What debates on MLAT, encryption, SIM registration have in common: users’ choice – Comments at INCLO 2016

by | Nov 8, 2016 | Open Blog, Privacy | 0 comments

This is an amalgation of comments I made during the International Advocacy Panel and comments I made from the audience in others sessions at International Civil Liberties Organizations‘ Conference in Johannesburg, October 31- November 2, 2016. 

 

Multilateral sharing of intelligence among outbound intelligence agencies is being used to outflank the procedural safeguards applicable to their respective citizens. Normally, outbound intelligence agencies are exempt from warrant requirement assuming that they do surveillance on foreigners. Using this loophole, the agencies of Five Eyes have surveilled on one anothers’ countrypeople without warrants and shared the results with the agencies of their home countries, bringing about the same result as if there were no warrant requirement for domestic surveillance! If the multilateral sharing is a necessity, we have 2 options: (1) prohibit sharing of the data with the agency accountable to the surveillance subjects; (2) okay, this is a long shot but hear me out. The reason that outbound intelligence agencies are exempt from warrant requirement for surveilling foreigners is two-fold: that they are not constitutionally responsible for caring for foreigners’ privacy, and that foreigners always have potentially adverse interests to the surveilling agency’s home country. However, if sharing of the intel with a foreign country’s agency is going on, the assumption of adverse interest is either not true or not sustainable. If we can somehow make an argument to cover the constitutional responsibility (this is one of the reasons I believe that the biggest task that the Snowden revelations has given us is whether we should stop making the distinctions between outbound surveillance and domestic surveillance, which has been claimed by NSA for justifications for what they did), there is no longer reason to exempt the outbound intelligence agencies from warrant requirement. Some may think: from which courts should the agencies receive warrants? Well, it is not that difficult: Probably, their home country’s courts for in-country surveillance on foreigners and MLAT process for without-country surveillance. Either option is feasible but needs be policed with international advocacy efforts.

Now, if multilateral sharing of information is a problem, we have a bigger problem where agencies don’t even have to do anything to give data to other countries’ agencies. Currently, foreign law enforcement searching and seizing their own countrypeople’s data with their own judges’ approval still had to get judicial approval from the country of locus of that data if it is another country. Under MLAT reform, foreign agencies will come with warrants issued under their backward standards and enforce those warrants on your companies’ private data without getting approval from any of the public officials in your country. It is an attempt to make it easy for one country’s law enforcement to search and seize the data residing in another country. Some of you already heard me speak about why I oppose it.

Number one, not all 3,000 backlogged data requests to the American companies are kosher under international human rights standards.

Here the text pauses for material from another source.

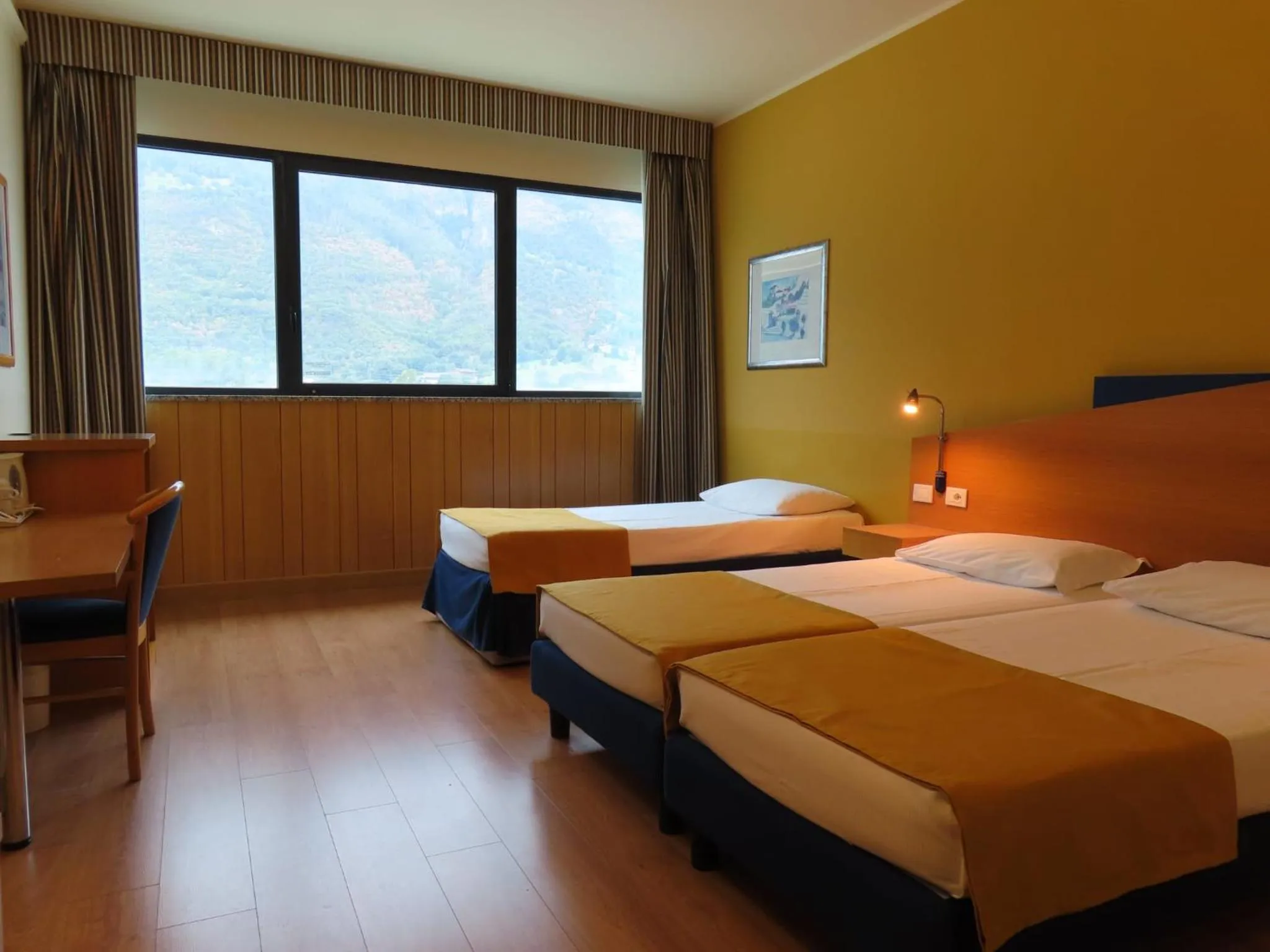 Photo of the whole room, Bed in Hotel Express Aosta East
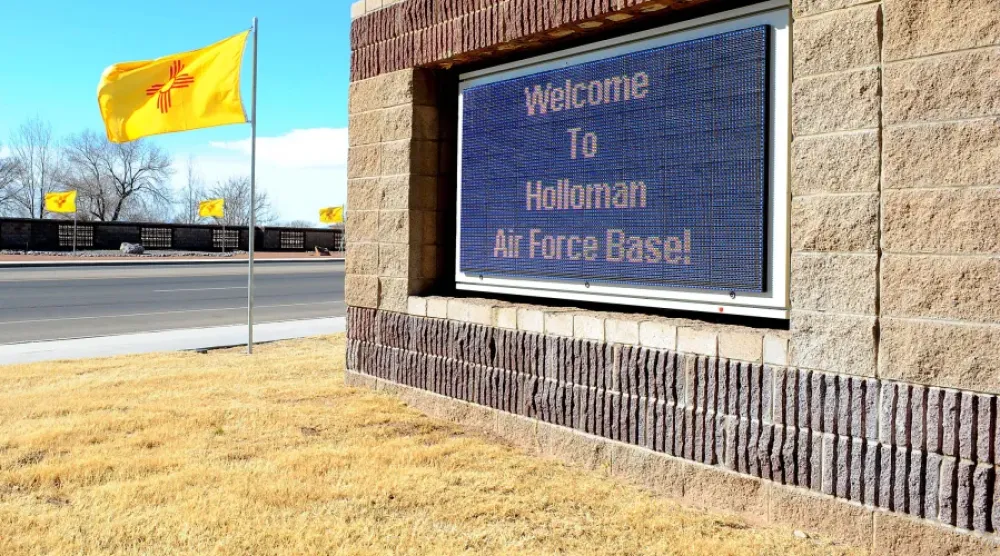 أرشيفية لمدخل قاعدة «هولومان» الجوية بالقرب من ألاموجوردو (القوات الجوية الأميركية)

Some of them are investigations of blasphemies, insult law, defamation of government officials, or sheer oppression and retaliation against dissident journalists and activists. On those investigations, the hurdles of MLAT provide shelters for the victims of surveillance. From human rights perspective, So no reason to make it easy for foreign governments to have their requests filed.

Number two, warrant doctrine empowers officials constitutionally accountable to the targets of surveillance and empowers them to issue approvals for the surveillance. If search and seizure is done on a company holding someone else’s information, that company’s privacy as well as the data subject’s is also breached and should be reviewed in advance by judges responsible for watching out for that company’s privacy.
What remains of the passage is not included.